Finalmente la Città di Lecce, può vantare la presenza di un pugile professionista. La notizia, difatti, era nell’aria già a fine 2010, soprattutto all’indomani della chiusura dei Campionati Italiani Assoluti di Napoli, dove Antonio Santoro, ha conseguito una prestigiosa medaglia d’argento.

Il Salento, quindi è lieto di consacrare, un nuovo boxeur nel mondo dei professionisti. Il 28enne leccese Antonio Santoro (kg 69), dopo una lunga militanza nei dilettanti, ha raggiunto un accordo con la nota scuderia, “Conti Cavini”.

Adesso, si attende con ansia il giorno dell’esordio ufficiale nei professionisti: «Proprio in questi giorni – esordisce Santoro – ho avuto un incontro con il sindaco di Lecce, Paolo Perrone, il quale si è reso estremamente disponibile per organizzare, proprio nel capoluogo salentino, il mio esordio nei professionisti, previsto per il prossimo mese di maggio.
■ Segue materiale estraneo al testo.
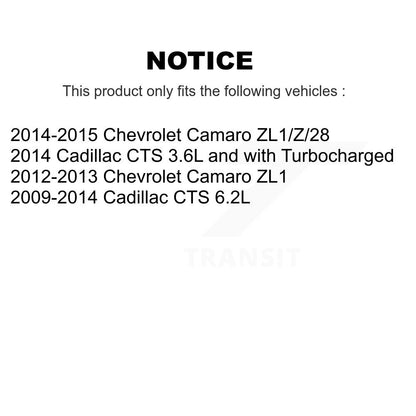 Kit d'assemblage de roulement et moyeu de roue avant et arrière, pour Cadillac CTS Chevrolet Camaro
Per quest’anno, spero di poter affrontare tre match, bissando probabilmente l’appuntamento in quel di Lecce, nel prossimo mese di luglio, mentre dovrei poi essere ospite in una serata organizzata dalla Conti Cavini. Ho apprezzato molto l’interessamento del primo cittadino di Lecce, Perrone e del consigliere Andrea Guido – aggiunge Santoro – anche se cercherò il fattivo coinvolgimento anche dell’Assessore allo Sport del Comune di Lecce, Nunzia Brandi; è sempre importante poter disporre della piena collaborazione delle istituzioni locali, dopotutto, ho sempre voluto rappresentare la città di Lecce, anche in tutti i miei match disputati precedentemente».

Santoro, è attualmente il boxeur veterano del Salento, ha vinto due titoli italiani dilettanti, ha fatto parte della nazionale italiana di Patrizio Oliva ed è stato l’unico pugile leccese – degli ultimi quarant’anni – a portare un titolo italiano a Lecce città. Santoro, ha iniziato nel lontano 1997, quando, per puro caso e, soprattutto spinto da un amico, si è ritrovato su un ring, ad allenarsi con la società salentina, Amici del Pugilato, presieduta da Benito Urso e diretta in quel periodo dal compianto maestro, Severino Gagliardi. «Ricordo che in quegli anni – spiega Santoro – la sede della palestra si trovava in un piccolo anfratto ricavato dalla Tribuna Est dello stadio Via del Mare di Lecce, mentre adesso è ubicata in Viale Roma. Fin da subito, sono riuscito a ritagliarmi delle importanti soddisfazioni (Torneo Primi Pugni) e già nei primi anni di attività agonistica, intravedevo il sogno di raggiungere il mondo dei professionisti. Nei primi anni del 2000, sono riuscito ad entrare a far parte del giro della nazionale».

Dopo un lungo ed importante periodo trascorso con la Boxe Iaia di Brindisi, diretta dal maestro Carmine Iaia, Santoro, adesso, ha continua ad allenarsi a Lecce, curando la parte atletica, presso una struttura privata, in attesa di intensificare la preparazione in vista dell’esordio ufficiale; inoltre, il boxeur leccese, è in attesa di decidere chi dovrà seguire la parte tecnica della sua preparazione, considerato che per motivi personali, Santoro è impossibilitato, con grande rammarico, a raggiungere quotidianamente la sede della Boxe Iaia di Brindisi.

«Ho raggiunto un importante traguardo – chiosa Santoro – il professionismo è l’obiettivo di ogni pugile dilettante. Adesso sono in attesa del mio esordio, poi cominceremo a capire il prossimo futuro, ovviamente non disdegnando nulla, a cominciare dalla scalata nel ranking e dal guardare con ambizione alla caccia al titolo italiano».